The trio follows the Nix’s trail, facing increasingly dangerous obstacles and traps set by the cunning demon. Each encounter pushes Eve closer to her own darkness, testing her morals and resolve. Kristof’s unwavering love and Trsiel’s burgeoning respect for Eve help ground her, reminding her of the light she fights for. The stakes rise dramatically when the Nix targets someone close to Paige and Lucas, drawing Savannah into the crossfire. Eve is forced to reveal her presence to her daughter, assuring her safety while grappling with the bittersweet reunion. This revelation strengthens their bond but exposes Savannah to the dangers of Eve’s world.

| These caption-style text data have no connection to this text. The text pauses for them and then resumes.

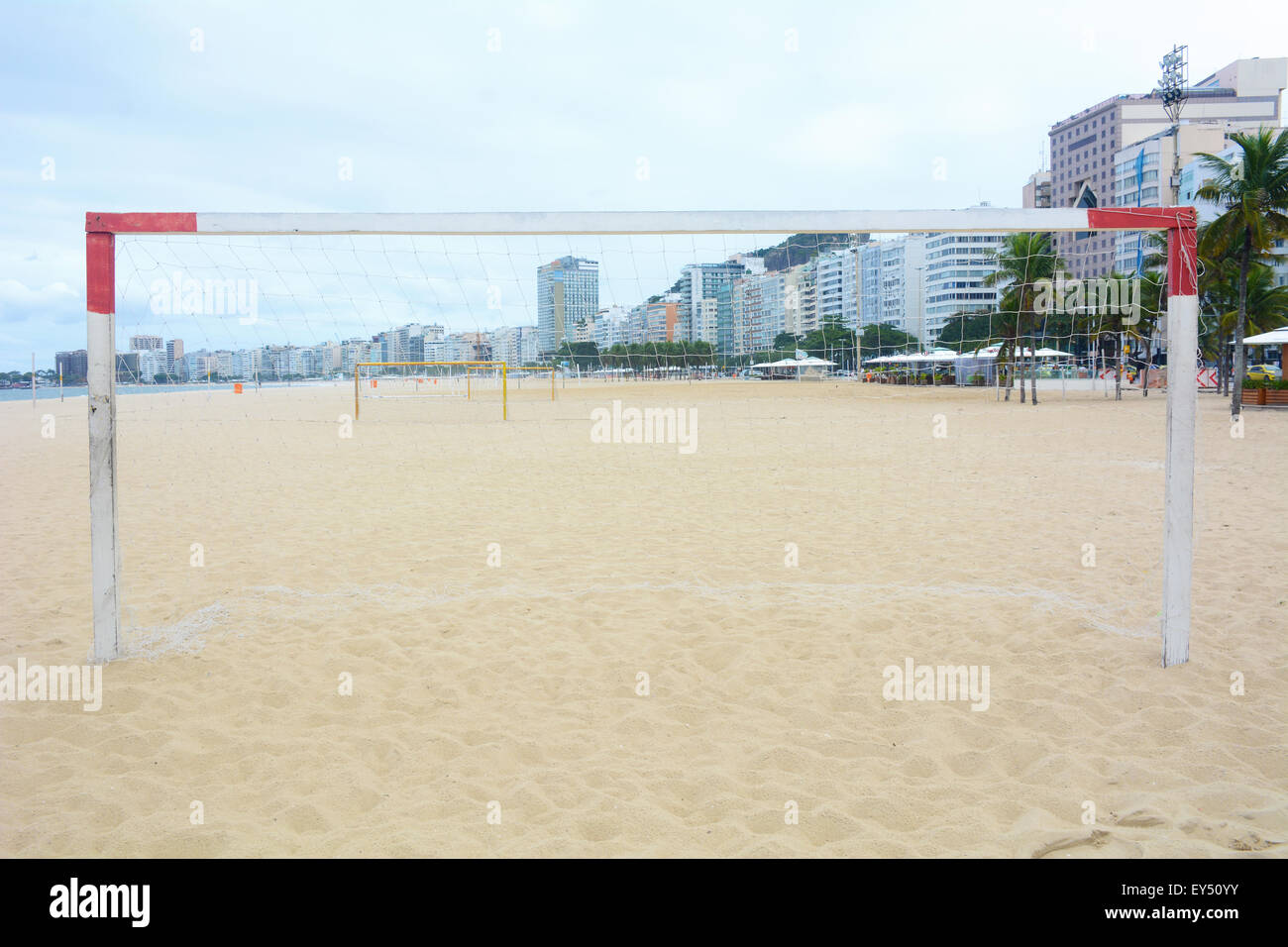 Soccer or football goal on the beach Stock Photo Alamy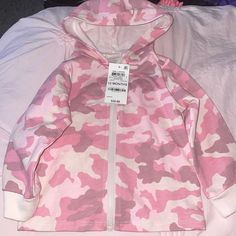 First Impressions Pink Camo, Zip Up Hoodie. Size 12 Months, Brand New And Never Worn. Cotton Hooded Sweatshirt For Playwear, Hooded Cotton Sweatshirt For Playwear, Adjustable Hood Hoodie For Playtime In Fall, Cotton Hooded Hoodie For Playwear, Hooded Hoodie For Playwear In Fall, Winter Hooded Sweatshirt For Playwear, Hooded Winter Sweatshirt For Playwear, Winter Long Sleeve Hoodie For Playwear, Long Sleeve Hoodie For Fall Playwear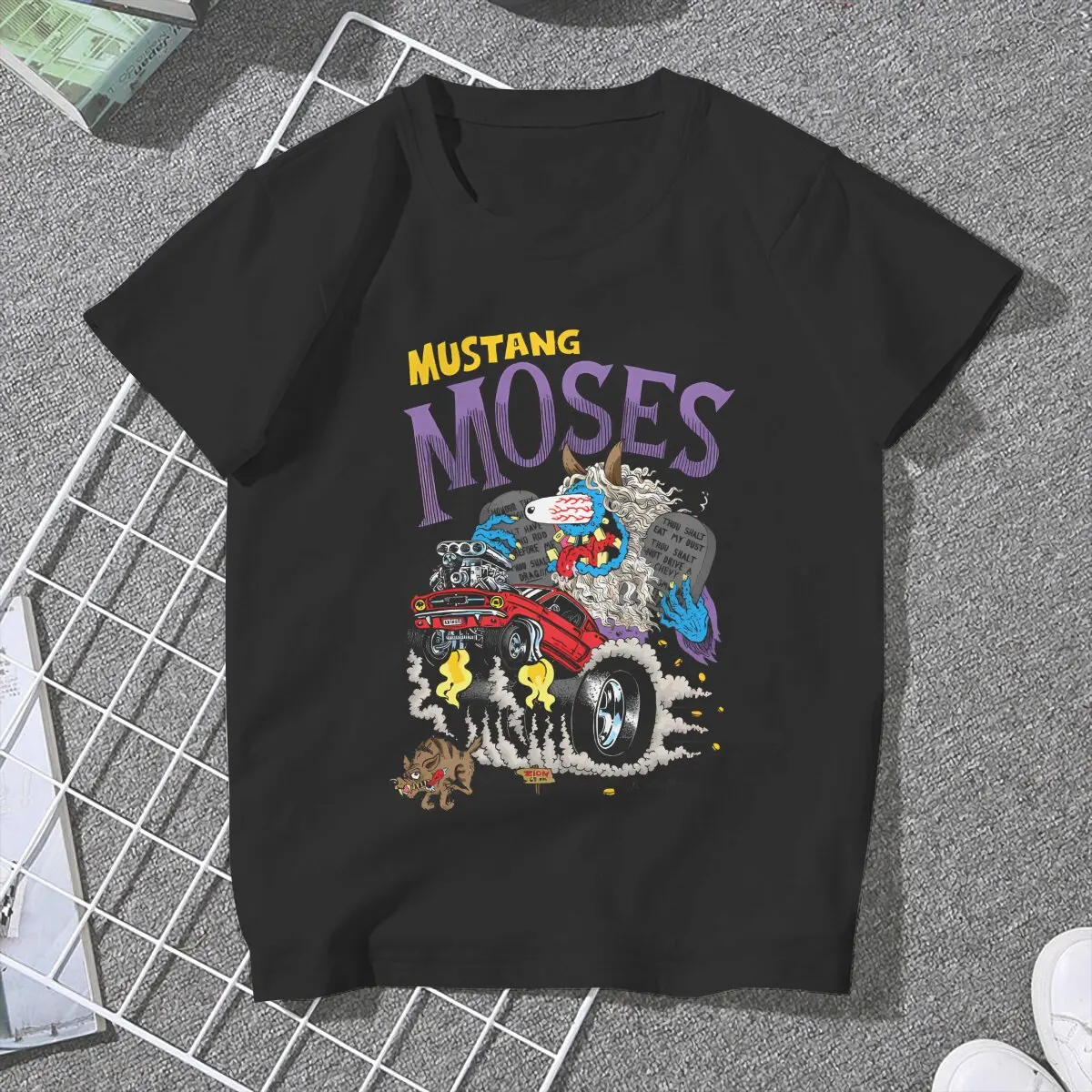 Tales Of The Rat Fink Cartoon Film Mustang Moses T Shirt Vintage Alternative Women's Polyester Tshirt O-Neck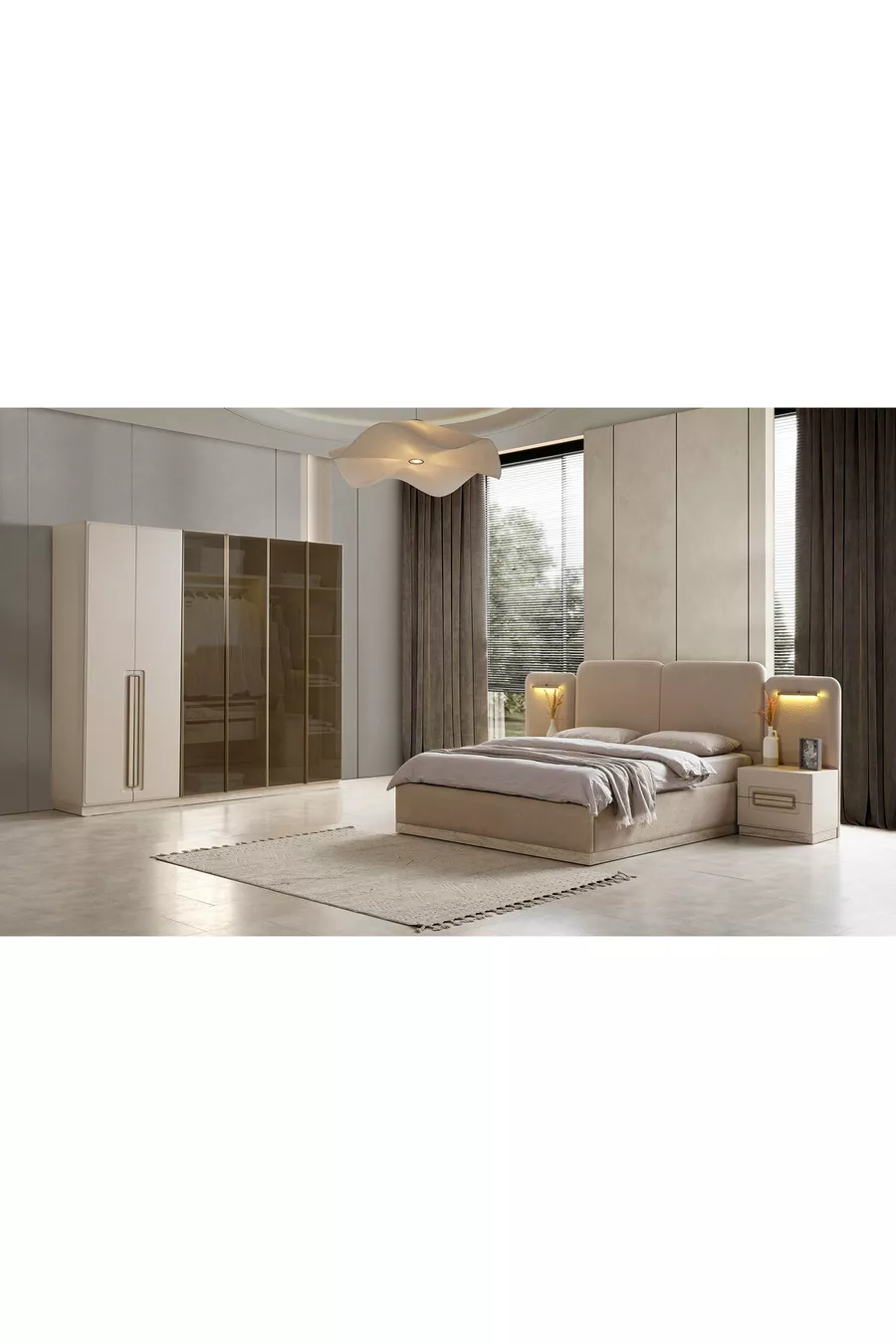 Camera da Letto con Base Oliver - Con Ante dei Mobili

As Eve nears the Nix, she uncovers a devastating truth: the demon’s escape from hell was orchestrated by a powerful, unknown entity seeking to sow chaos in both the mortal and supernatural realms. This revelation adds another layer of urgency to their mission, as capturing the Nix becomes crucial to preventing a catastrophic war.

The final confrontation with the Nix takes place in a location steeped in magical significance, a nexus of power that amplifies the demon’s abilities. A desperate battle ensues, testing the limits of Eve’s magic and pushing Kristof and Trsiel to their absolute limits. Eve realizes that defeating the Nix conventionally is impossible. The demon feeds on chaos, and any victory fueled by anger or aggression will only make her stronger.

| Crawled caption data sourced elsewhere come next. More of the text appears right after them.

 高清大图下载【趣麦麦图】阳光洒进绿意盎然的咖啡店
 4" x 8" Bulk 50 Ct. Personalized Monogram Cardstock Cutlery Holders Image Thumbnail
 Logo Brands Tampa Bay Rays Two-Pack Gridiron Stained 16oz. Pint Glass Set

In a moment of heartbreaking clarity, Eve discovers the only way to truly defeat the Nix is to make a monumental sacrifice: she must ascend to become an Ascended Angel, a being of pure light who can neutralize the Nix's darkness without succumbing to it. However, this ascension means leaving her physical form behind, separating her from Kristof and preventing any further physical contact with Savannah. Torn between her love for Kristof and her duty to protect both Savannah and the world, Eve makes an agonizing choice. She embraces the ascension, her love for Kristof and Savannah becoming the fuel for her transformation. The Nix, starved of the chaos she thrives on, is ultimately vanquished, drawn back into the depths of hell.

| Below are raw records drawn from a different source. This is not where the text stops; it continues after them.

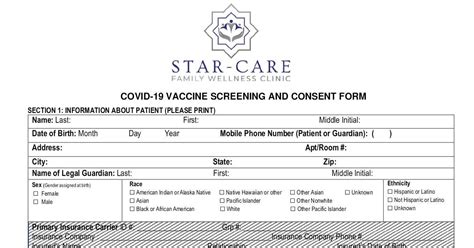 Walgreens Printable Vaccine Consent Form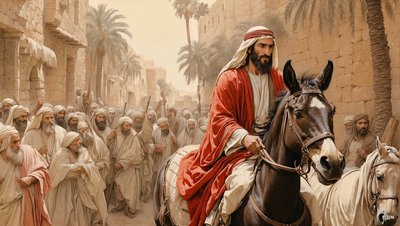 Jesus går ind i Jerusalem_04 af Josef Johann Michel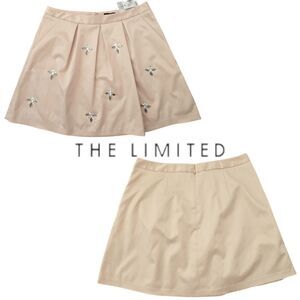 The Limited Vintage Bejeweled Satin Mini Lined Skirt Pale Blush Pink Women's Med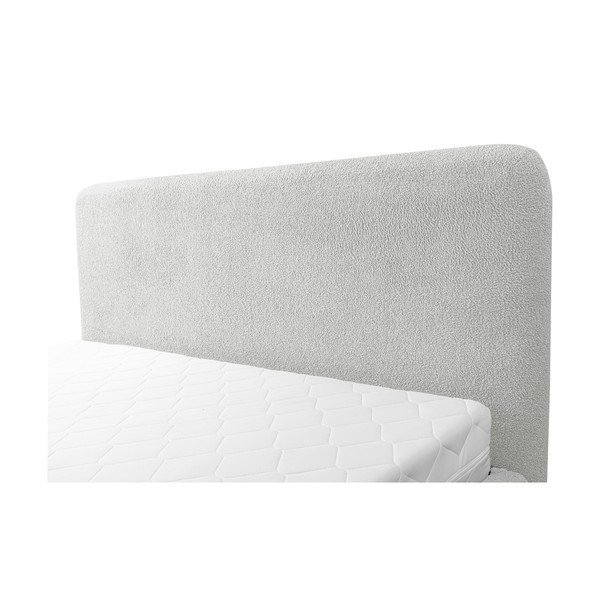 Jasnoszare tapicerowane łóżko dwuosobowe ze stelażem i schowkiem 160x200 cm Makapu – Makamii-image-4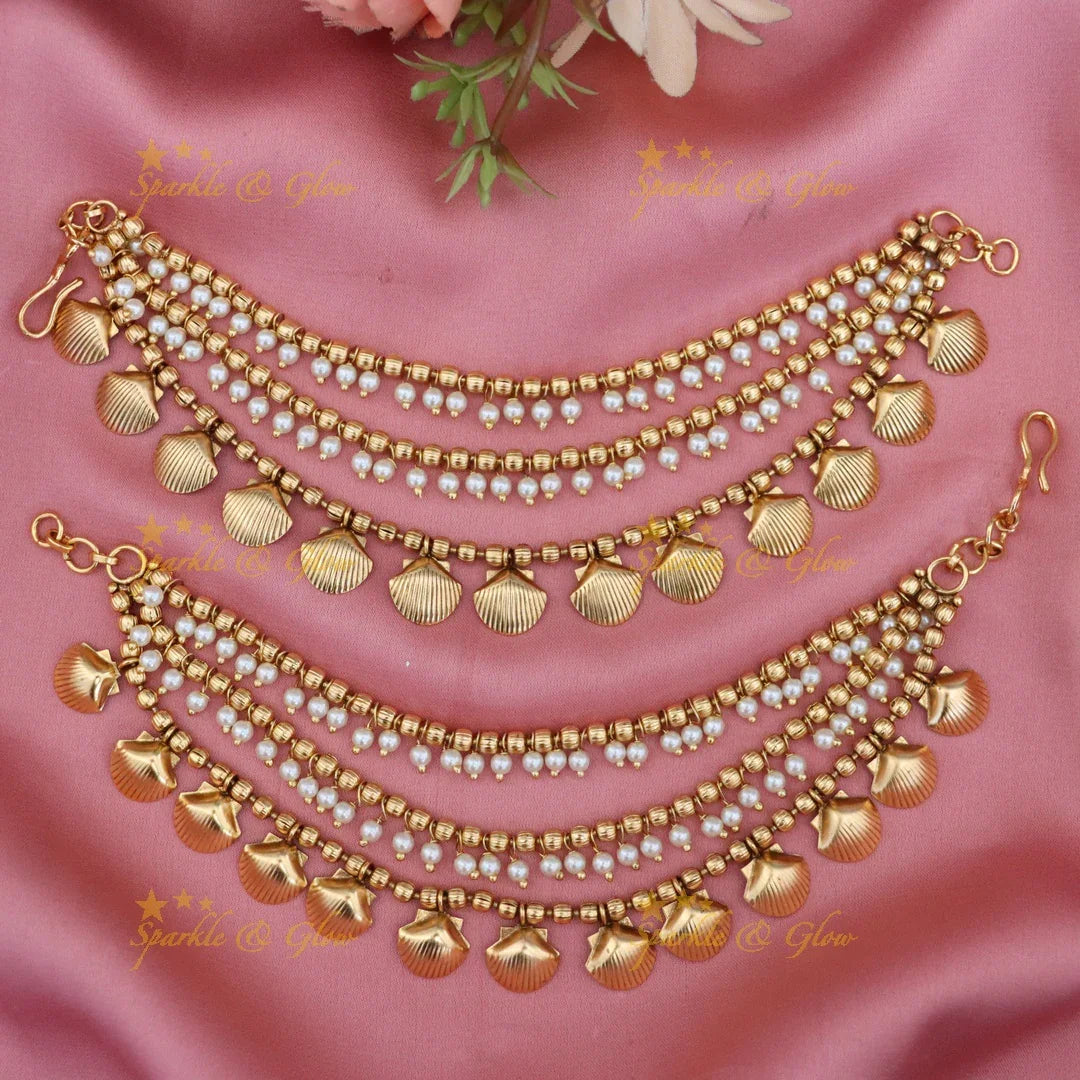 Elegant Gold Shell Beads Earchain for Festive Celebrations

Eve, now an Ascended Angel, watches over Savannah from afar, her presence a comforting whisper in the young woman's life. Kristof, heartbroken but understanding, continues his work in the afterlife, finding solace in their shared memories and the knowledge that their sacrifice saved the world. The ending is bittersweet, a testament to the complexities of love, sacrifice, and the enduring bonds that transcend even death itself.

==Characters==

===Main characters===
- Eve Levine - Witch, Aspicio Half-demon and mother of Savannah. Now dead.
- The Fates - Deities in charge of the afterlife (see Moirai).
- Jaime Vegas - A necromancer with a troubled past.
- Kristof Nast - Sorcerer father of Savannah. Now dead.
- Lucas Cortez - Sorcerer Lawyer and husband of Paige Winterbourne, Son of Benicio Cortez and heir of Cortez Cabal.
- The Nix - A enigmatic and powerful Demi-demon.
- Paige Winterbourne - Witch and Former Head of American Coven. Wife of Lucas Cortez.
- Savannah Levine - Fifteen-year-old witch and ward of Paige Winterbourne and daughter of Eve Levine (Witch & Aspicio half Demon) & Kristof Nast (Sorcerer & heir to Nast Cabal).
- Trsiel - Angel charged with the task of assisting Eve.

==Reception==
Haunted was included in Publishers Weeklys best-sellers list in the mass market and paperback categories.